Minnesota and Minnesotans are known for many things. Mostly, there’s the cold and ice and snow of our winters. They say that that keeps a lot of people from coming here. It’s what keeps the Twin Cities from growing too fast and getting too big. Then there’s our 10,000 lakes, though now of course we’re told that there are really 17,000 of them. And those, we’re also told, are the only reasons why anybody would ever come here in the first place—well, that and the parks that surround them, and our “big league” amenities like the Walker and the Guthrie and the Twins and Vikings. Stuff like that. Those are the things that keep us from becoming “a cold Omaha.” Minnesotans themselves are understood to be taciturn, stoic, ambivalent, passive-aggressive, “Minnesota nice,” a little woebegone.
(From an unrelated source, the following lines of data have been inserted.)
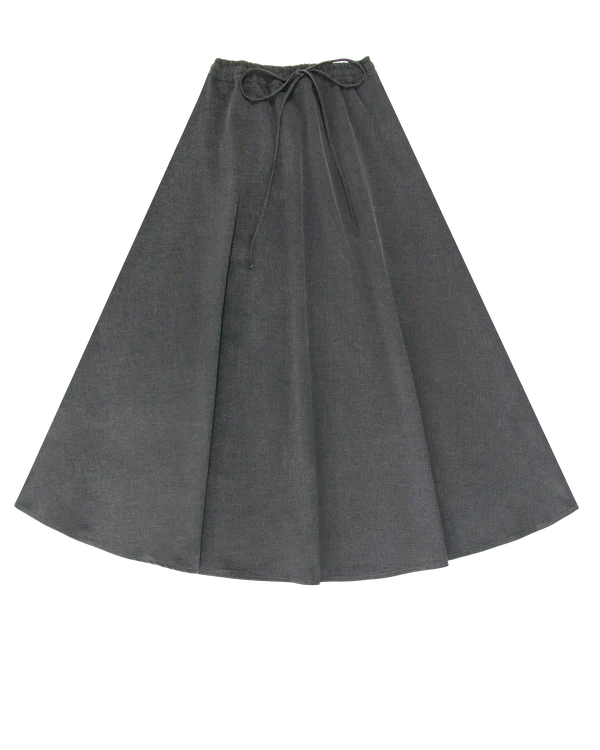 Flared Drawstring Skirt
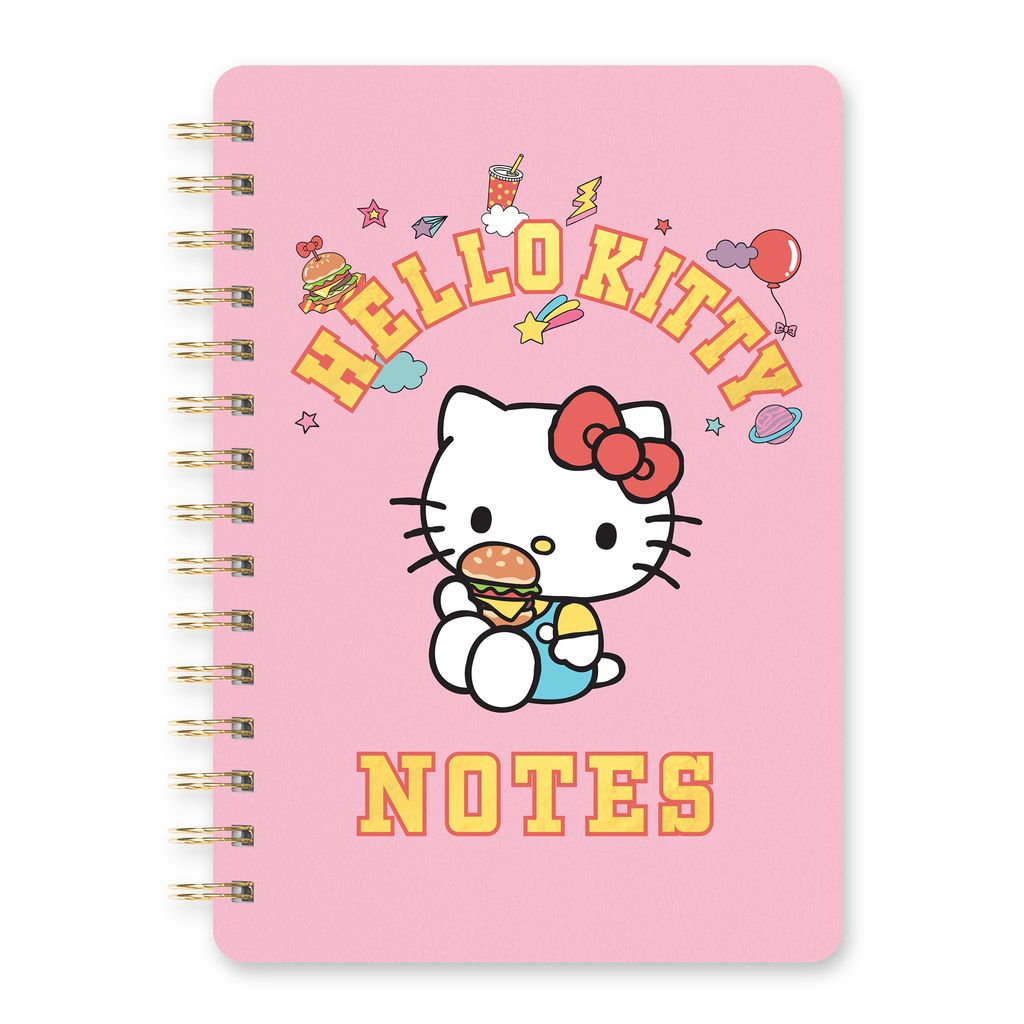Hello Kitty College Letters Agatha Notebook with Sticker Sheet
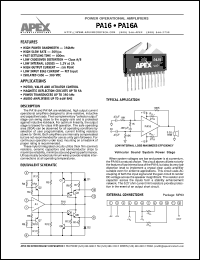 PA16 Datasheet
We accept—but grudgingly and not completely—that life isn’t always a bed of roses. Nobody said that life would be easy. It could always be worse.
So it is with our sports. We love-hate our sports. Sid Hartman recently wrote a column in which he quoted the old-time sportswriter, Dick Cullum, who characterized Minnesota sports fans as “Lose and Love It” fans. They’d rather lose and whine than win. But, you know, its not that our sports teams and athletes are bad. They’re pretty good. They’re above average. The Minnesota Twins have even won a couple of world championships! Of course, there were decades of truly woebegone baseball before and after. And, how about those Vikings? Their 0-4 record in the Super Bowl is the worst in National Football League (NFL) history, and it has now been 43 years since their last Super Bowl—the fourth-longest drought in the NFL. The Timberwolves’ 15-year drought since their last playoff series win ties them for the longest current streak in the National Basketball Association (NBA), and their 13-year drought of playoff appearances (2004-2017) is the third-longest in NBA history.
Meanwhile, the Minnesota Gopher football team has gone 53 years without a Big 10 title and 59 years since a Rose Bowl appearance. The Gopher basketball team has won four Big 10 titles in 100 years, and two of them bear big asterisks—1972 was tainted by the infamous “basketbrawl” against Ohio State, and the 1997 title was in fact vacated for reasons we won’t go into right now.
But, there are always high school sports, and the really great thing about them is that somebody from Minnesota actually wins.
Being a Minnesota sports fan often is a tough slog. But, being honest, that just makes the good times better. And, frankly, the negativity is sometimes more than the situation would seem to support. So, on the following pages, we will relive each year in Minnesota sports from 1900 to the present—the best, the above average and, yes, the truly woebegone; the slogging, and the good times. On balance, you may find that Minnesota sports aren’t so bad. Above average. Occasionally great. And, yes, of course, occasionally woebegone. Nobody said life would be easy.